Firmado por ese tal Don Armando Discépolo el grotesco funda un tipo ude actor: aquel que hace vivir una máscara quebrada en los sucesivos estadios hacia su estallido final. Se creyó alguna vez que por las fisuras de esa máscara estallada asomaba la verdad del rostro: el material revela hoy que lo que asoma es el caos que intenta sujetar la inutilidad de un gesto fijo, asoma el no-yo, la torpe iniciativa de adaptar el riesgo de la creación a la seguridad de una mueca social vacía. Y allí andan esas obras narrando el fracaso de las certezas. Un actor no puede abordar una experiencia de este tipo si busca la tranquilizadora estabilidad de un género canónico, la distancia de la ironía o la pose intelectual que muchas veces hoy puebla la escena. Lo grotesco no habilita un conocimiento transmisible, habilita un saber que se comparte sin púlpitos, sucios en el mismo rito la escena y el público…
Hay un destino trágico de lo argentino que aplica una y otra vez fórmulas escleróticas, extemporáneas, imitaciones burdas para dirimir las tensiones que nos ahogan. Dicha fatalidad tiene lugar al desoír necesidades, pulsos. Obviamente, deviene el fracaso y así estás obras son tan entrañablemente nuestras al asumir la dinámica descripta tanto en lo que tematizan, como en sus procedimientos.
Discépolo “es tan solo” un nombre usado para dar consistencia a un territorio expandido por la fuerza de su verdad. Textos que, en un oráculo criollo, son la acción de una esfinge vernácula que denuncia a través de su iluminación la oscuridad inmensa en la que se pronuncia la soberbia de los mediocres en connivencia con el oportunismo de los miserables.

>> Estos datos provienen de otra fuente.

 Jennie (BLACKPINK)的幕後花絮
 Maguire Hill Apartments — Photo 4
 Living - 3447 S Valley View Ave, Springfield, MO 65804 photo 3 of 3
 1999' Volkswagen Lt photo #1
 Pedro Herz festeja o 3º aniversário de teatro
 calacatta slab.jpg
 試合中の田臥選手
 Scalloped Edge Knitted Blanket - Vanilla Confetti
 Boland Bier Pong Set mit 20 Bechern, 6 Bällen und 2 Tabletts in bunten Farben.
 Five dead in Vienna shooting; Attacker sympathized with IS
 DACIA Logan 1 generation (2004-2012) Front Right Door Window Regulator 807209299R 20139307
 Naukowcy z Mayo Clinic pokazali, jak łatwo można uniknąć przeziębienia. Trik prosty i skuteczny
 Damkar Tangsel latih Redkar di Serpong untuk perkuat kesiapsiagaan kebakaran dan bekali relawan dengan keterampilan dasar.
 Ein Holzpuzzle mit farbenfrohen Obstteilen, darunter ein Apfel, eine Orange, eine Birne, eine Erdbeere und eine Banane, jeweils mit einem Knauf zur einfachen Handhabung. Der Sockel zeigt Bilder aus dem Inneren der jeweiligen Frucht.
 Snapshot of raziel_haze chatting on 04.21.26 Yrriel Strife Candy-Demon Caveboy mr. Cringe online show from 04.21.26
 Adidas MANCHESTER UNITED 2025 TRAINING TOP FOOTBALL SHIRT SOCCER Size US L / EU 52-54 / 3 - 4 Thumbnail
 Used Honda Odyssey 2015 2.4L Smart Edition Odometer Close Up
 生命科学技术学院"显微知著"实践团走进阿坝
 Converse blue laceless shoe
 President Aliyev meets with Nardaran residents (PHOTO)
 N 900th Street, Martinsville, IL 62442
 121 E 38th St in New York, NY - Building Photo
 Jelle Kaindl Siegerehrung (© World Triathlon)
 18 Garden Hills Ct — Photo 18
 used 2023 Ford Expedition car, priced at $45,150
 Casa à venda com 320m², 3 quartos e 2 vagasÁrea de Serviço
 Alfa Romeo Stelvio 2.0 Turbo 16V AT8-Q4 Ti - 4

De lo dicho, se desprende que me importa bien poco si siquiera existió la persona Armando Discépolo… aunque sobren testigos cercanos. Mucho más pueril me resulta la discusión de si su hermano era el autor de las obras. O si eran la síntesis de un Armando Apolo y un Enrique Dioniso. Me importa un pito si existió Shakespeare y celebro el Hamlet que le atribuyen. Un inglés sabrá qué significa montar la peripecia del príncipe de Dinamarca por lo que revela la cifra Hamlet. En el mismo camino descifro, intervengo, Stéfano (nuestro Hamlet, no exagero)… y los que integramos este colectivo de creación, quien más, quien menos, sentimos que ya no somos los mismos.
Guillermo Cacace. Publicado en diario Perfil el sabado 19 de julio de 2008.